Empat Pelaku Tawuran dan Pengeroyokan di Cilandak Ditangkap Polisi


 Empat Pelaku Tawuran dan Pengeroyokan di Cilandak Ditangkap Polisi Tangkapan layar rekaman video CCTV kasus empat pelaku pengeroyokan terhadap seorang korban saat tawuran antar kelompok di kawasan Cilandak. (Polres Jaksel)

JAKARTA, ARAHKITA.COM - Polisi berhasil menangkap empat pelaku pengeroyokan yang terlibat dalam tawuran antar kelompok di kawasan Cilandak, Jakarta Selatan.

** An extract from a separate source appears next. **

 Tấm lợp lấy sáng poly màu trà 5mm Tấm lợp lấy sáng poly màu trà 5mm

Insiden tersebut terjadi pada Minggu dini hari sekitar pukul 03.00 WIB dan menyebabkan satu korban mengalami luka serius akibat senjata tajam.

Kepala Seksi Humas Polres Metro Jakarta Selatan AKP Joko Adi mengatakan para pelaku diamankan oleh tim gabungan dari Polsek Cilandak dan Resmob Polres Metro Jakarta Selatan.

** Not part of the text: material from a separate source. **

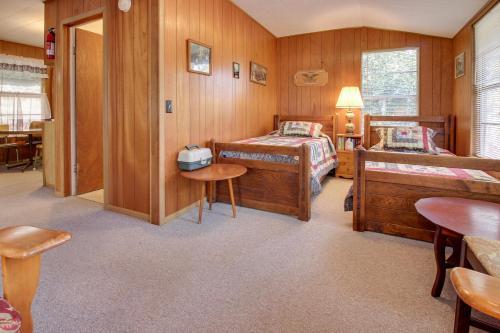 Opie's Lake Haus
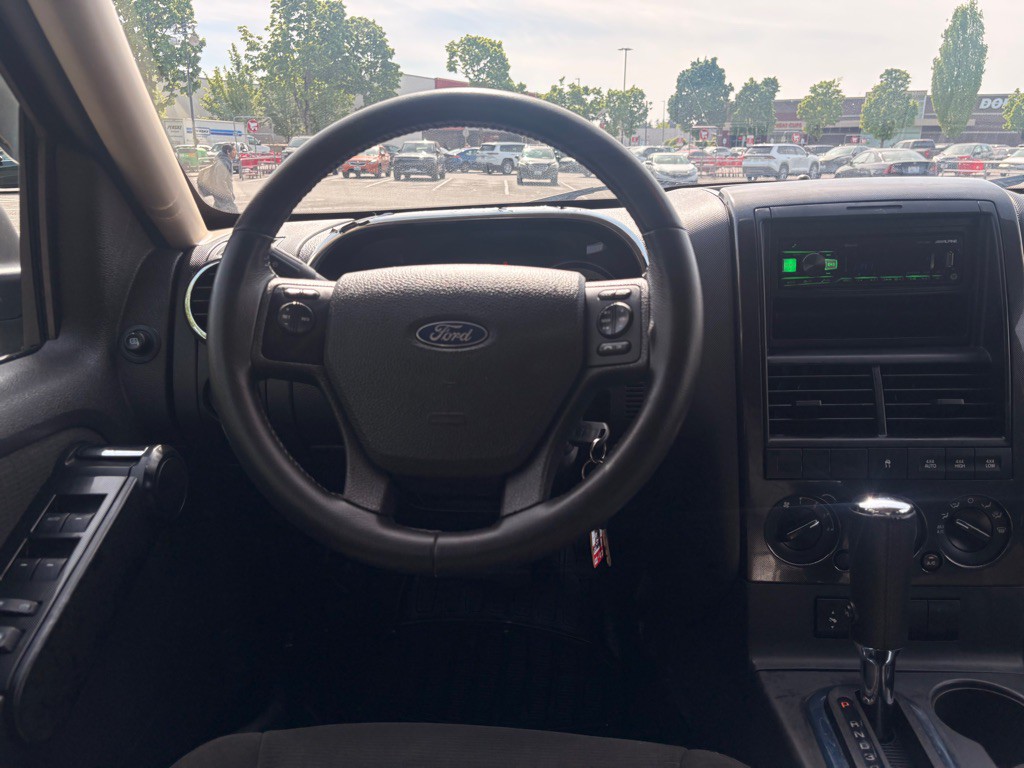 2010 Ford Explorer Image 14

“Tim gabungan Polsek Cilandak bersama dengan tim Resmob Polres Jakarta Selatan telah mengamankan empat orang pelaku pengeroyokan. Pelaku pengeroyokan tersebut inisialnya BS, AS, EBS, dan ZA,” kata Joko di Jakarta, Kamis (21/5/2026). 

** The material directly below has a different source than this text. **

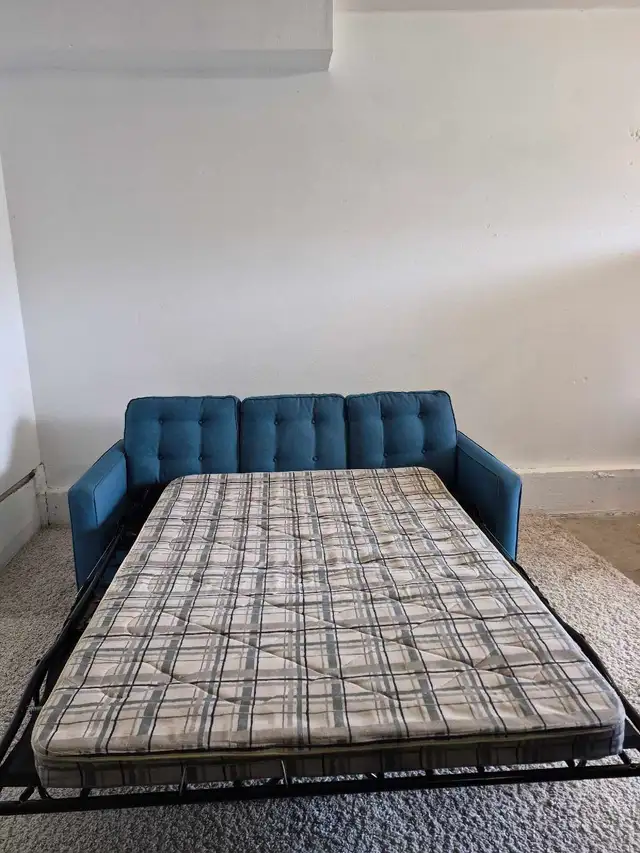 FREE DELIVERY Beautiful Blue 3 Seater Pullout Sofabed Sofa/Couch - Photo 6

Menurut Joko, penangkapan dilakukan berdasarkan laporan polisi yang diterima pada 16 Maret 2026. Setelah melakukan penyelidikan, polisi berhasil mengidentifikasi dan memburu para pelaku yang terlibat dalam aksi kekerasan tersebut.

Peristiwa tawuran itu terjadi di Jalan Cilandak Dalam RT 06/RW 13, Kelurahan Cilandak, Jakarta Selatan. Keributan bermula ketika dua kelompok bertemu di lokasi dan terlibat bentrokan hingga salah satu korban menjadi sasaran pengeroyokan.

Polisi memastikan para pelaku bukan bagian dari geng motor. Mereka merupakan dua kelompok berbeda yang terlibat konflik di lokasi kejadian.

“Ini dua kelompok yang bukan geng motor,” ujar Joko.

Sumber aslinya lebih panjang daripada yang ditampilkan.